Abpumpen hilft aber nur bedingt, weil in vielen undichten Kellern das Wasser gleich wieder nachrinnt. Für gewöhnlich verschwindet das Wasser genauso wie es gekommen ist – durch die Wände der undichten Keller. Dafür muss nur der Grundwasserpegel wieder sinken.
Weiters bestand nicht nur in Schwaz großer Bedarf an Sandsäcken. Viele Bewohner wollten damit ihr Haus sichern. Um alle Einsätze abarbeiten zu können und den Bedarf an Sandsäcken zu decken, wurden zahlreiche Feuerwehren aus dem Bezirk Schwaz in den Einsatz gerufen.
Im Raum Schwaz kamen 11 Feuerwehren mit 28 Fahrzeugen und über 180 Frauen und Männer zum Einsatz.

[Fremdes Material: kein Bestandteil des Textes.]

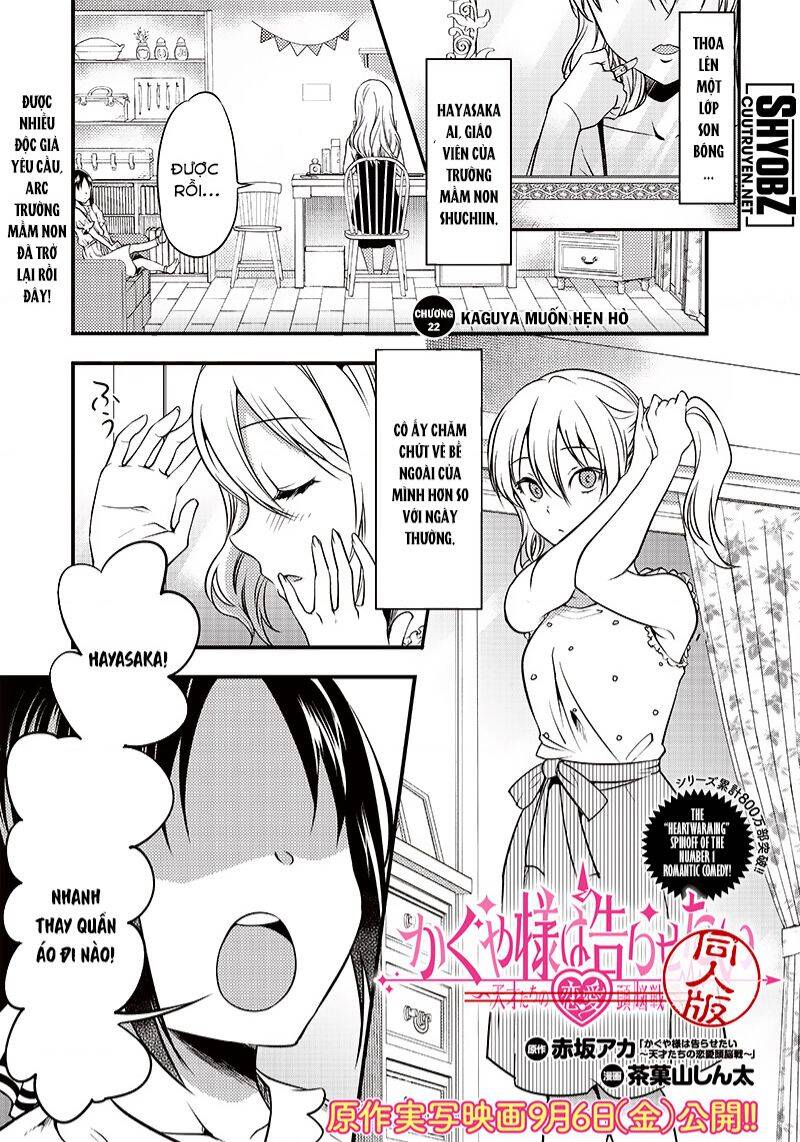 Kaguya-Sama Wa Kokurasetai Doujinshi Chương 22 Page 2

Ein Teil der Mannschaften wurde in die Schottergrube der Firma Derfeser abgestellt. Dort wurde eine Sandsackfüllstation aufgebaut und betrieben. Die gefüllten Sandsäcke wurden von dort mit den Logistikfahrzeugen der Feuerwehren verteilt.
Die nächste Besprechung findet am 13.06. um 08.00 Uhr statt, für die Nacht wurde ein Bereitschaftsdienst von Seiten der Stadt eingerichtet.